• _THE TASK_
Your output must be the lines below from the line containing "Modern stylish purple" to the line containing "Apple Watch Series", both lines included, reproduced exactly and without pictures.

• _SOURCE DATA_
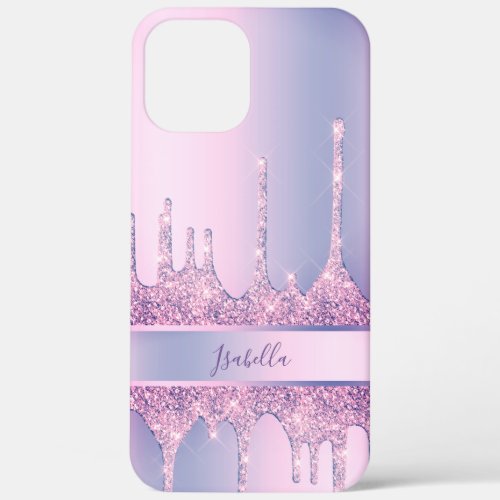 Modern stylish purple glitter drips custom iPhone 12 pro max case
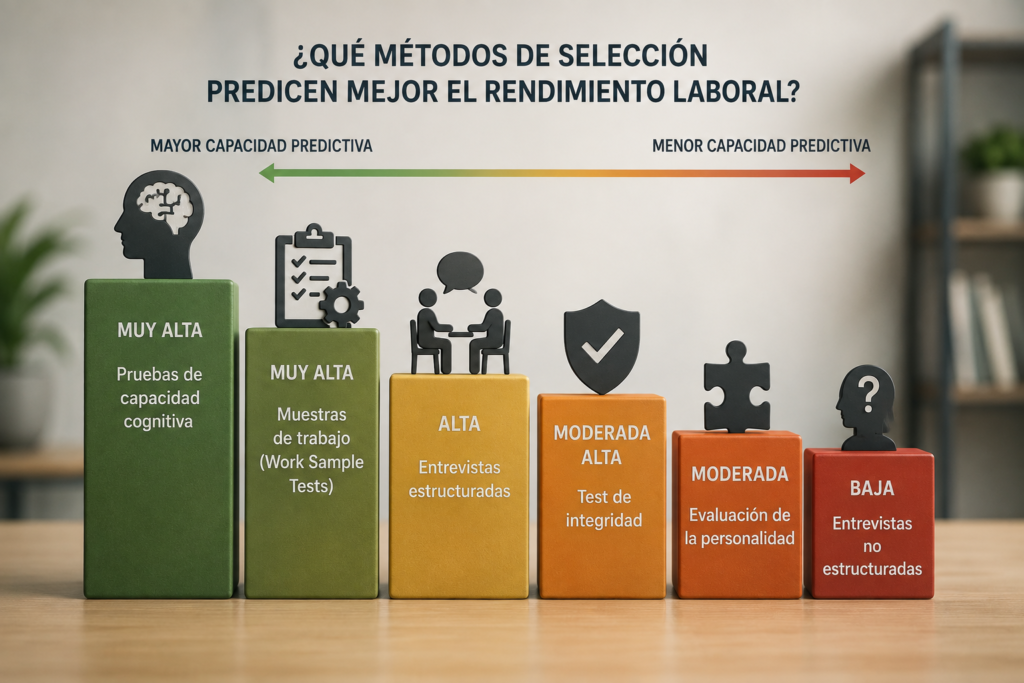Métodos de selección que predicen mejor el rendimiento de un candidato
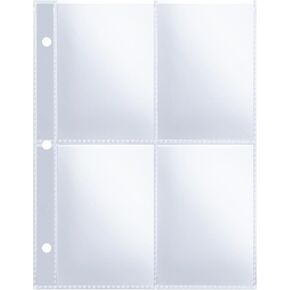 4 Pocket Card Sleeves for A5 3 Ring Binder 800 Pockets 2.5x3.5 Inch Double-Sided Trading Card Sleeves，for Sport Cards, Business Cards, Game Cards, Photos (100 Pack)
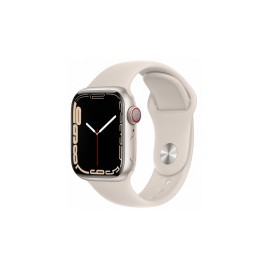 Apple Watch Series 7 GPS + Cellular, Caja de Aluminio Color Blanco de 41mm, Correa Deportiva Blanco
...
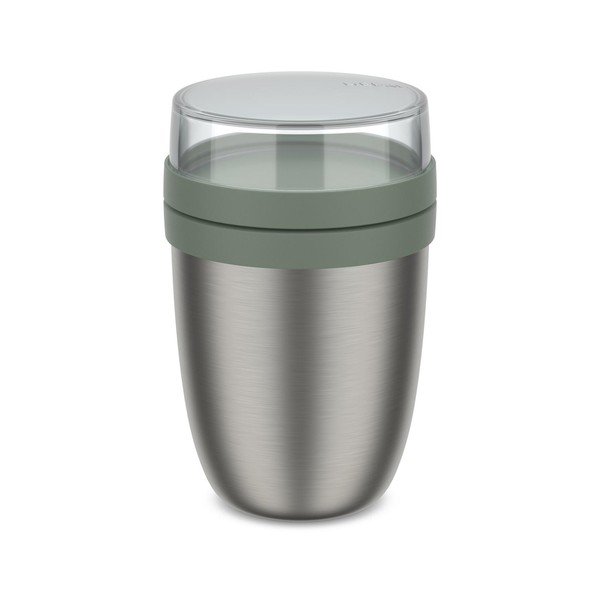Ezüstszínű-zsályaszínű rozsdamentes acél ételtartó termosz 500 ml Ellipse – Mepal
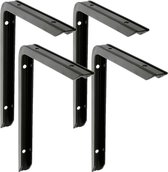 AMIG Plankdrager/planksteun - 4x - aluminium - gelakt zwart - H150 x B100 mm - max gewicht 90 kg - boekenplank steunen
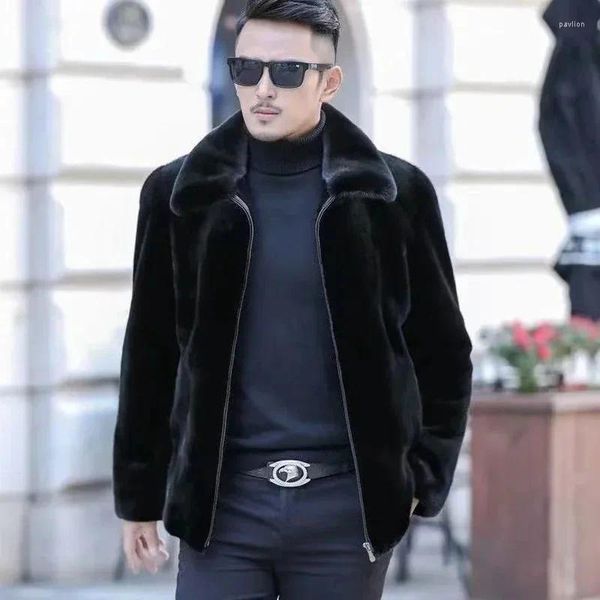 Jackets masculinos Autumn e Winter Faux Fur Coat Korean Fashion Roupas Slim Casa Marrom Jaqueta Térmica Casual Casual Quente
==
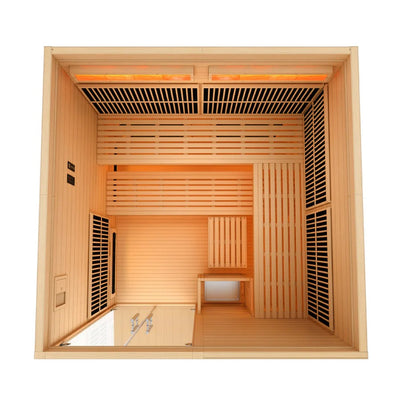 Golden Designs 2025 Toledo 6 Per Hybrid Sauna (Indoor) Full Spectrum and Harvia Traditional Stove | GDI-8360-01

• _ANSWER_
 Modern stylish purple glitter drips custom iPhone 12 pro max case
Métodos de selección que predicen mejor el rendimiento de un candidato
 4 Pocket Card Sleeves for A5 3 Ring Binder 800 Pockets 2.5x3.5 Inch Double-Sided Trading Card Sleeves，for Sport Cards, Business Cards, Game Cards, Photos (100 Pack)
 Apple Watch Series 7 GPS + Cellular, Caja de Aluminio Color Blanco de 41mm, Correa Deportiva Blanco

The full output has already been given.